Home Featured Minuman Dengan Gula Tambahan Memicu Kegemukan

Minuman Dengan Gula Tambahan Memicu Kegemukan

by Syara

Hasil penelitian terbaru yang dilakukan pada tikus percobaan menemukan bahwa efek penambahan sukrosa dalam asupan kalori dan berat badan bergantung pada bentuk sukrosa tersebut cair atau padat. Jika  diinterpretasikan pada manusia, hasil penelitian tersebut menunjukkan bahwa kontribusi dari gula tambahan pada obesitas sebagian besar berasal dari minuman – minuman dengan gula tambahan.

Dilansir dari Medical News Today, sekelompok tim peneliti dari Inggris dan Cina menyarankan hal tersebut di atas setelah memberikan gula tambahan pada tikus percobaan pada makanan ataupun minuman mereka selama delapan minggu dan membandingkan hasilnya.

Makalah terbaru tentang Metabolisme Molekul menjelaskan secara lengkap mengenai penelitian tersebut.

“Konsumsi minuman dengan tambahan gula berimplikasi sebagai faktor kontribusi dalam obesitas, dan kami telah menginvestasi apakah mode konsumsi (padat atau cair) memberikan dampak berbeda pada pengaturan berat badan tikus,” terang John R. Speakman, professor ilmu biologi dan lingkungan di Universitas Aberdeen, Inggris.

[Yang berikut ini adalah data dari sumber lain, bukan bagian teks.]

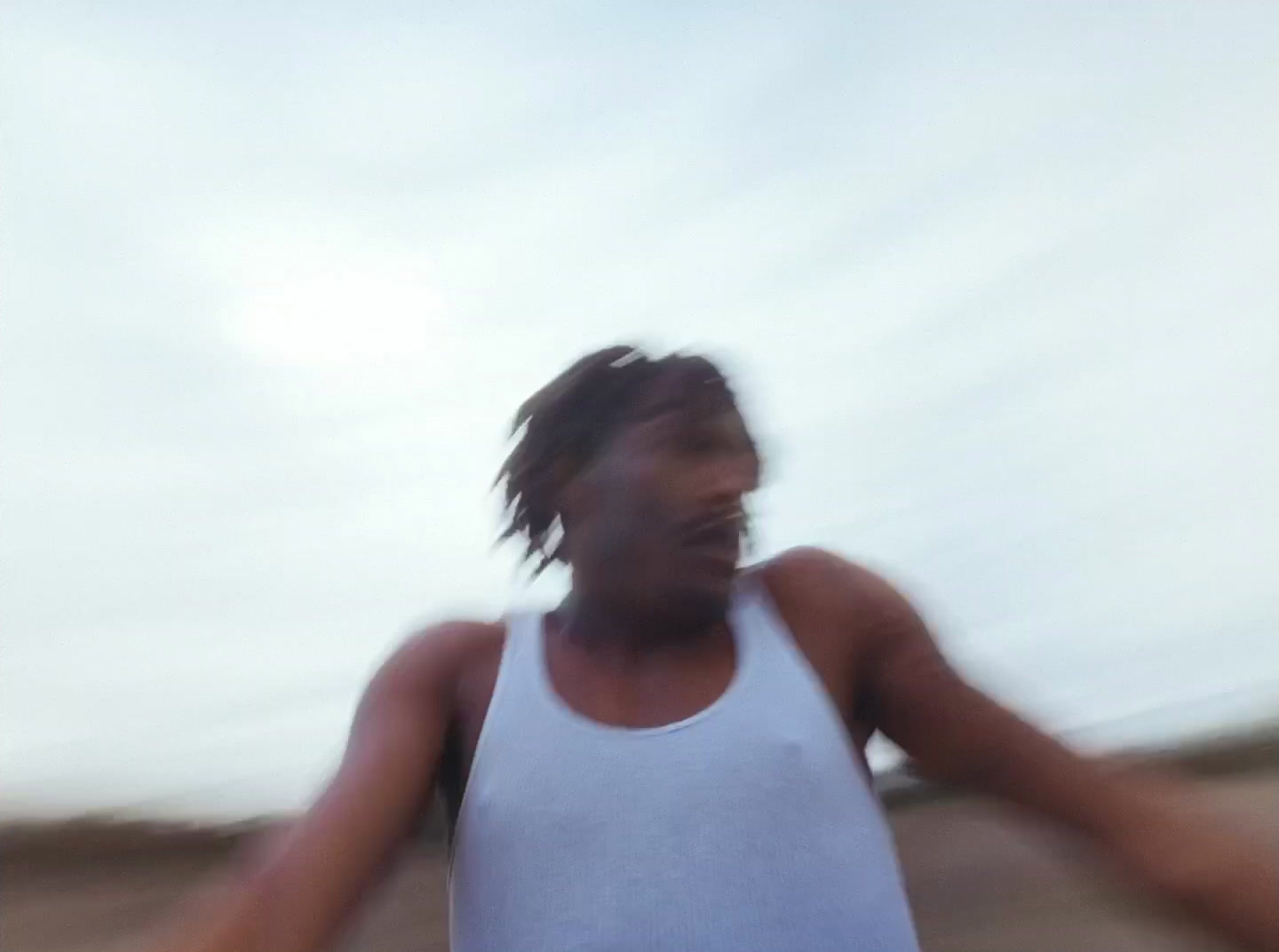 a blurry photo of a man in a tank top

Professor John R. Speakman yang memimpin penelitian di Universitas Aberdeen dan Akademi Ilmu Pengetahuan Tiongkok di Beijing, Cina adalah koresponden dan penulis senior dari penelitian terbaru tersebut.

Para peneliti memonitor berat badan, lemak tubuh, asupan kalori dan pengeluaran energy tikus percobaan. Mereka juga mengukur respon glukosa dan insulin sebagai cara untuk mengetahui seberapa dekat tikus percobaan tersebut dengan diabetes.

Hasilnya tikus percobaan yang diberikan sukrosa cair dalam air minum mereka mengonsumsi kalori yang lebih banyak, berat badan bertambah, dan lemak tubuh pun bertambah.

Sebaliknya, tikus percobaan yang diberikan sukrosa tambahan dalam makanan mereka namun meminum air biasa tanpa tambahan gula “lebih ramping dan secara metabolisme lebih sehat daripada rekan – rekan mereka yang diberikan sukrosa cair,” tulis peneliti tersebut.

Tikus percobaan yang lemak tubuhnya bertambah dikarenakan meminum sukrosa cair juga menunjukkan tanda toleransi pada glukosa yang lebih rendah serta sensitivitas insulin, dimana keduanya merupakan tanda meningkatnya faktor risiko diabetes.

Meskipun begitu penulis menghubungkan tanda – tanda metabolisme yang merugikan tersebut pada pertambahan lemak tubuh dan tidak secara langsung pada asupan sukrosa yang lebih tinggi.

“Ada sejumlah besar kekhawatiran saat ini terhadap asupan minuman bergula, dan jika manusia memberikan respon yang sama seperti halnya tikus percobaan, maka kekhawatiran ini mungkin  dapat dibenarkan,” ujar Prof. John R. Speakman.

Seorang professor nutrisi dan ilmu makanan dari Universitas Reading, Gunter Kuhnle menjabarkan penelitian ini sangat menarik. Namun Professor Kuhnle menjelaskan bahwa penelitian ini memiliki dua keterbatasan.

Keterbatasan pertama yakni penelitian yang dilakukan pada tikus percobaan tidak selamanya dapat diasosiasikan pada manusia. Kedua, jumlah sukrosa dalam minuman yang diberikan pada tikus lebih tinggi daripada gula yang dikandung minuman yang biasa manusia konsumsi.